# 00 – Data Preprocessing

In this notebook, I’m preparing and cleaning the raw Sephora skincare reviews dataset.  
This is the foundation of my machine learning project.

I will:
- Merge all raw review files
- Clean missing and irrelevant data
- Engineer new features like review length, word count, and sentiment score
- Add a sentiment label based on ratings
- Save a clean, ready-to-use dataset for modeling

I also focus on memory efficiency, reproducibility, and version control.


In [12]:
# 📦 Import libraries
import os
import pandas as pd
import numpy as np
import glob
import warnings
import random
from textblob import TextBlob
from datetime import datetime
import matplotlib.pyplot as plt
import seaborn as sns

# Settings
warnings.filterwarnings('ignore')
pd.set_option('display.max_columns', None)

# 🧬 Reproducibility
random.seed(42)
np.random.seed(42)


In [13]:
# 📁 Define data paths
RAW_DATA_PATH = "../data/raw/"
INTERIM_DATA_PATH = "../data/interim/"
PROCESSED_DATA_PATH = "../data/processed/"

# Create folders if missing
os.makedirs(INTERIM_DATA_PATH, exist_ok=True)
os.makedirs(PROCESSED_DATA_PATH, exist_ok=True)


## 🧩 Merge all review files

To save memory, I process each review CSV file one by one and add features during the loop.  
I include review length, word count, and a basic sentiment score using TextBlob.


In [14]:
# Find all review CSV files
review_files = sorted([
    os.path.join(RAW_DATA_PATH, file)
    for file in os.listdir(RAW_DATA_PATH)
    if file.startswith("reviews_") and file.endswith(".csv")
])

# Process each file individually
review_dfs = []

for file in review_files:
    try:
        df = pd.read_csv(file)
        df.dropna(subset=['review_text', 'rating'], inplace=True)
        df['review_length'] = df['review_text'].astype(str).apply(len)
        df['word_count'] = df['review_text'].apply(lambda x: len(str(x).split()))
        df['sentiment_score'] = df['review_text'].apply(lambda x: TextBlob(str(x)).sentiment.polarity)
        review_dfs.append(df)
    except Exception as e:
        print(f"❌ Error processing {file}: {e}")

# Merge all DataFrames
all_reviews = pd.concat(review_dfs, ignore_index=True)
print("✅ Merged review shape:", all_reviews.shape)

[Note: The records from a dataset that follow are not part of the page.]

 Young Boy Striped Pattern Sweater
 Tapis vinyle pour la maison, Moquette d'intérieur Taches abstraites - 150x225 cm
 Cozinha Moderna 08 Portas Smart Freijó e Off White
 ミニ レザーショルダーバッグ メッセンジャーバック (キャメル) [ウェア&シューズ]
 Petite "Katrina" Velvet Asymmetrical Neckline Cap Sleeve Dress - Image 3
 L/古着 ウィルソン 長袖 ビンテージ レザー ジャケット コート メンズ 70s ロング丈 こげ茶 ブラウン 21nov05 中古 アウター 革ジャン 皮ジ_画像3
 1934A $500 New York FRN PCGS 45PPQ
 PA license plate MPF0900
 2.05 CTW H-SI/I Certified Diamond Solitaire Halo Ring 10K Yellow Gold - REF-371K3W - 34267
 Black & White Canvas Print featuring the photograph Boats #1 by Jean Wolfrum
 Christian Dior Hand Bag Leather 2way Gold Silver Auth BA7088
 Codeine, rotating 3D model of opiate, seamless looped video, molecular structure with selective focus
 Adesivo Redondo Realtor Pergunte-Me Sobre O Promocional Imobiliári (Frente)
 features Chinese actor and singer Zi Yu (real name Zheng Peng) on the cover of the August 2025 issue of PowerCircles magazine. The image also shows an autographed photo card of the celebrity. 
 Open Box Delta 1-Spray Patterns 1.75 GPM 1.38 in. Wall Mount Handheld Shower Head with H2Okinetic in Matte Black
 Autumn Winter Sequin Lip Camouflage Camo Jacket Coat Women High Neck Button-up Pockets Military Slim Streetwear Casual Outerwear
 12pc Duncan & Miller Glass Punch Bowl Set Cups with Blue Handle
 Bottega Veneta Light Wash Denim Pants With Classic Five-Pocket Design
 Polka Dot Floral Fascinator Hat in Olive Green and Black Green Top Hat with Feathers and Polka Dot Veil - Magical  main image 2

✅ Merged review shape: (1092967, 22)


##  Clean review data

I now drop columns that are unnecessary for modeling, handle categorical variables, and prepare sentiment labels.  
For simplicity, I’ll drop ‘neutral’ reviews (rating = 3) and focus only on binary classification.


In [15]:
# Drop unused or sparse columns
all_reviews.drop(columns=[
    'Unnamed: 0', 'review_title', 'hair_color',
    'eye_color', 'skin_tone', 'submission_time'
], inplace=True, errors='ignore')

# Handle missing skin_type and one-hot encode
all_reviews['skin_type'] = all_reviews['skin_type'].fillna('unknown')
skin_dummies = pd.get_dummies(all_reviews['skin_type'], prefix='skin')
all_reviews = pd.concat([all_reviews, skin_dummies], axis=1)
all_reviews.drop(columns=['skin_type'], inplace=True)


In [16]:
# Create sentiment labels from ratings
def classify_sentiment(rating):
    if rating >= 4:
        return 'positive'
    elif rating <= 2:
        return 'negative'
    else:
        return 'neutral'

all_reviews['sentiment'] = all_reviews['rating'].apply(classify_sentiment)

# Drop 'neutral' ratings
all_reviews = all_reviews[all_reviews['sentiment'] != 'neutral'].reset_index(drop=True)

print("✅ Cleaned and labeled review dataset shape:", all_reviews.shape)
display(all_reviews.head())


✅ Cleaned and labeled review dataset shape: (1011215, 21)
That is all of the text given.